▸ **EXERCISE AIM**
Please reproduce the data exactly, excluding any pictures it contains.

▸ **DATA EXCERPT**
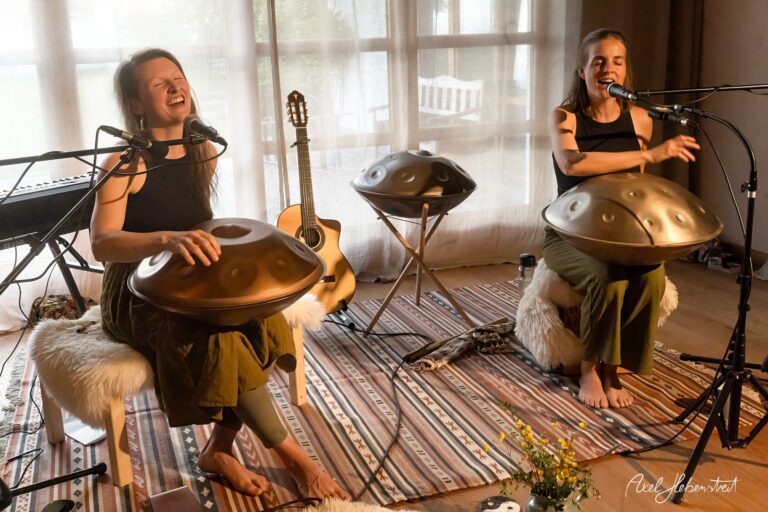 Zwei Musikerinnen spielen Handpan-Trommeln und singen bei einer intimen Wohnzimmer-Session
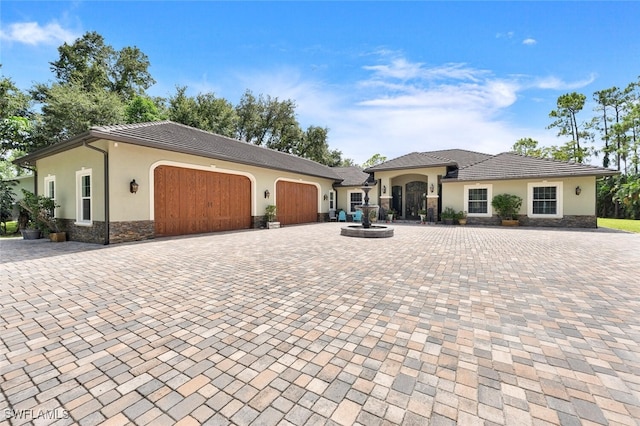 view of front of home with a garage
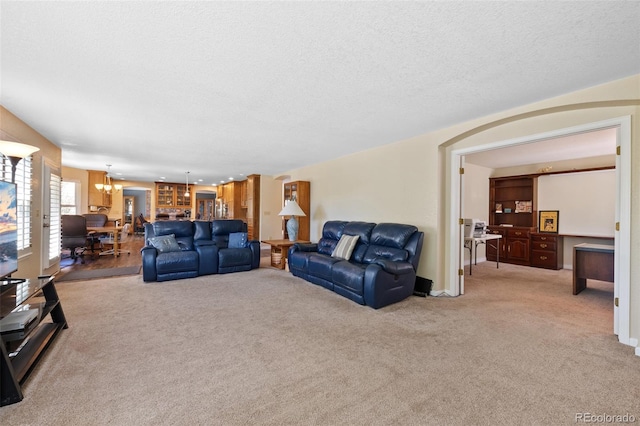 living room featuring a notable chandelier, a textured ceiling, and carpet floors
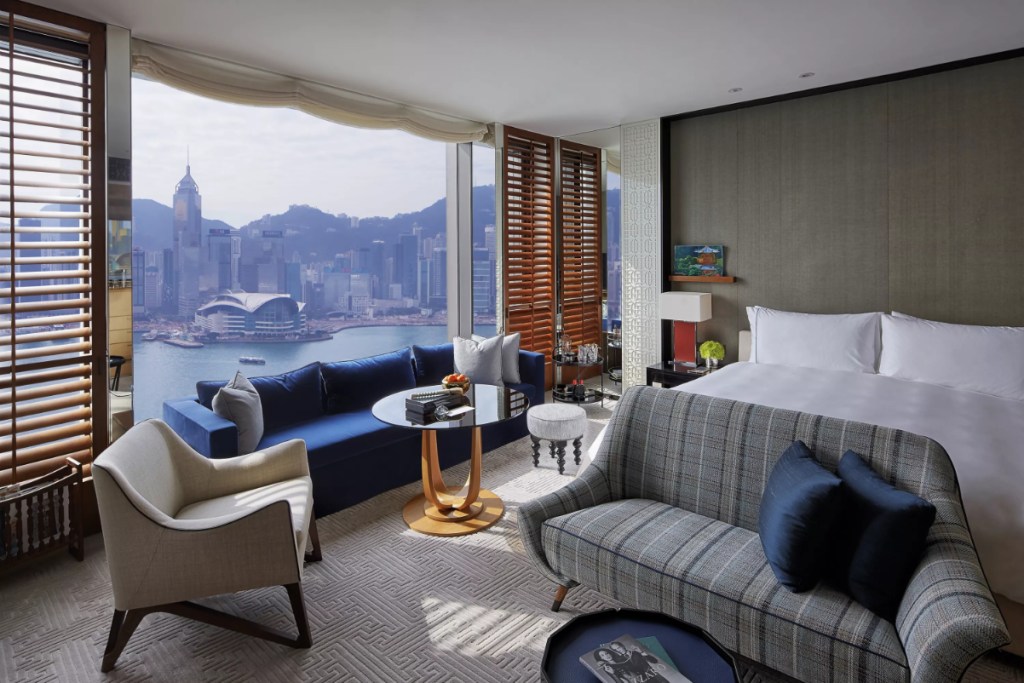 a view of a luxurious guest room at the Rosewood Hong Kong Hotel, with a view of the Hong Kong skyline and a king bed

▸ **EXERCISE RESULT**
 Zwei Musikerinnen spielen Handpan-Trommeln und singen bei einer intimen Wohnzimmer-Session
 view of front of home with a garage
 living room featuring a notable chandelier, a textured ceiling, and carpet floors
 a view of a luxurious guest room at the Rosewood Hong Kong Hotel, with a view of the Hong Kong skyline and a king bed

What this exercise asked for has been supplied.